Batch Size Sequence Length Mac CPU (ms/it) Mac GPU (ms/it) Mac GPU Speedup T4 (ms/it) P100 (ms/it)
1 128 59 29 203% 12 13
4 128 154 50 308% 26 16
1 512 200 56 357% 30 18
4 512 752 200 376% 114 65

Performance on Stable Diffusion

I benchmarked BERT with the following snippet from diffusers:

from diffusers import StableDiffusionPipeline
import torch
prompt = "a photo of an astronaut riding a horse on mars"
pipe = StableDiffusionPipeline.from_pretrained("runwayml/stable-diffusion-v1-5")

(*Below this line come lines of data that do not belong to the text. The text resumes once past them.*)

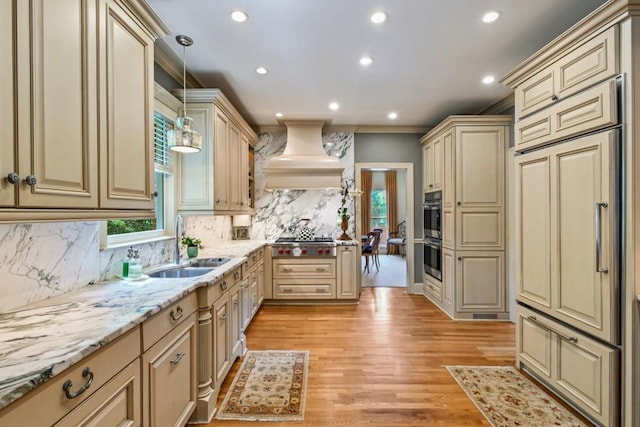 kitchen featuring decorative backsplash, cream cabinets, light stone countertops, a sink, and recessed lighting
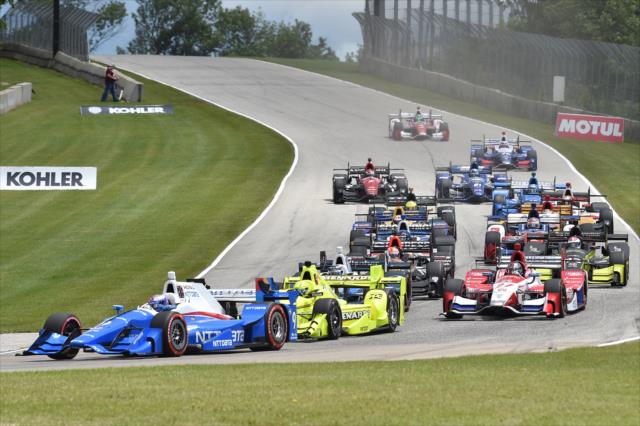 Scott Dixon leads the rest of the field into Turn 3 during the start of the KOHLER Grand Prix at Road America -- Photo by: Chris Owens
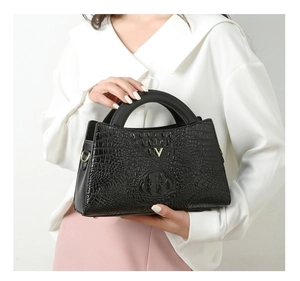 Detail of black crocodile texture handbag with gold V metal logo and sturdy top handle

# First-time "warmup" pass (see explanation  above)
_ = pipe(prompt, num_inference_steps=1)
image = pipe(prompt, num_inference_steps=50).images[0]
Mac CPU (s/it) Mac GPU (s/it) Mac GPU Speedup T4 (s/it) P100 (s/it)
3.88 1.18 299.6% 0.50 0.29

Conclusions

The good news is that the GPU cores on Apple silicon do speed up ML models as much as 300-400% on Macbook Pro. This is significant because you can get a 50-step Stable Diffusion inference from over 3 minutes to around 1 minute, which is quite nice. However, this is still less than 1/2 of the performance on T4 and 1/4 of the performance on P100, which are at least two generations old.

In conclusion, you can get some nice inference speedup from the GPU cores on your Macbook Pro. But it is not for serious ML workloads since it falls far behind with older NVIDIA GPUs.